When Nvidia’s stock closed at $208.27 on a Friday in late April, a figure briefly surpassed $5 trillion once more. The business had previously encountered this ceiling in October, slipped away from it during a tense winter, and is now fighting its way back. It’s difficult to avoid feeling that the figure’s ability to shock has diminished as you watch this play out. A few years ago, $5 trillion wasn’t associated with a company that produces chips that most people will never see, but rather with a national economy. The market hardly blinks as it scrolls by on a Friday afternoon.
Nvidia wasn’t even a major factor in the rally that got it there. Of all the companies, Intel—the one that was essentially written off in the AI debate—posted earnings that exceeded forecasts, and its stock shot up 24%, the highest single day since 1987. AMD increased by 14%. Qualcomm increased by 11%. Like a tide coming in, the entire semiconductor floor suddenly rose. Prior to earnings from the hyperscalers—Microsoft, Google, Meta, and Amazon—who collectively invested about $400 billion in AI infrastructure last year and don’t appear to have any intention of stopping, there is a feeling that investors weren’t so much picking winners as they were purchasing the entire concept of chips once more.
And yet. A distinct mood is remembered by anyone who kept an eye on things through December. The headlines about “AI fatigue” began to write themselves, the stock had fallen about 8% from its October highs, and fund managers were discreetly locking in gains. Perhaps that was just year-end rebalancing, the standard financial operations. However, it’s also possible that it was the market’s first sincere inquiry in a long time: what precisely are you paying for?

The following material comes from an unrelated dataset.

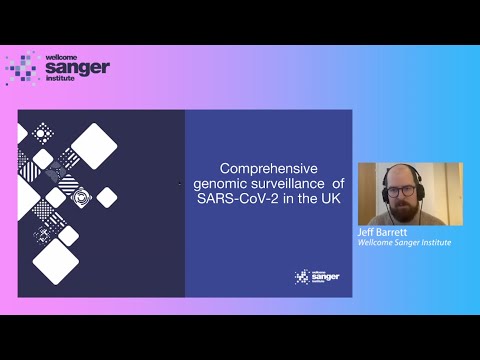Sanger Seminar Series - Comprehensive genomic surveillance of SARS-CoV-2 in the UK - Dr Jeff Barrett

The price isn’t the intriguing change. It has to do with the nature of the demand. For two years, the narrative revolved around training—the massive, labor-intensive process of creating sizable language models, where Nvidia’s hegemony was virtually unassailable. Inference and the daily grind of actually running those models for millions of people are now the main topics of discussion.

Inference is more sensitive to cost. It is more vulnerable to competition, including AMD’s less expensive options and the custom silicon that businesses like Google are covertly producing internally to wean themselves off of third-party chips. A significant Nvidia client, Alphabet, has already revealed its own chips that will compete with Nvidia later this year. The experience of a supplier witnessing its largest purchasers begin constructing the product themselves is almost familiar.
During his keynote address at the GTC conference in San Jose back in March, Jensen Huang exuded the confidence of a man whose order book extends beyond $500 billion until 2026. The fundamentals are truly remarkable: gross margins are still close to 75%, and data center revenue alone reached $51.2 billion in a single quarter. These are not the figures of a troubled business.
However, there is a certain feeling associated with maturity, and this is beginning to feel that way. Spreadsheets and return-on-investment calculations are replacing desperate, FOMO-driven purchasing. The NVLink interconnect has drawn criticism from regulators, who openly question whether Nvidia’s ecosystem is a wall or a moat. Selling the Rubin architecture without cannibalizing Blackwell will be a challenging task, as it is already sampling.
Whether $5 trillion is a ceiling or merely a step is still up for debate. Before the skeptics stopped talking, Tesla endured years of skepticism. Nvidia might follow suit. However, it appears that the easy part, when everyone just believed, is coming to an end. It will take more time to earn what comes next.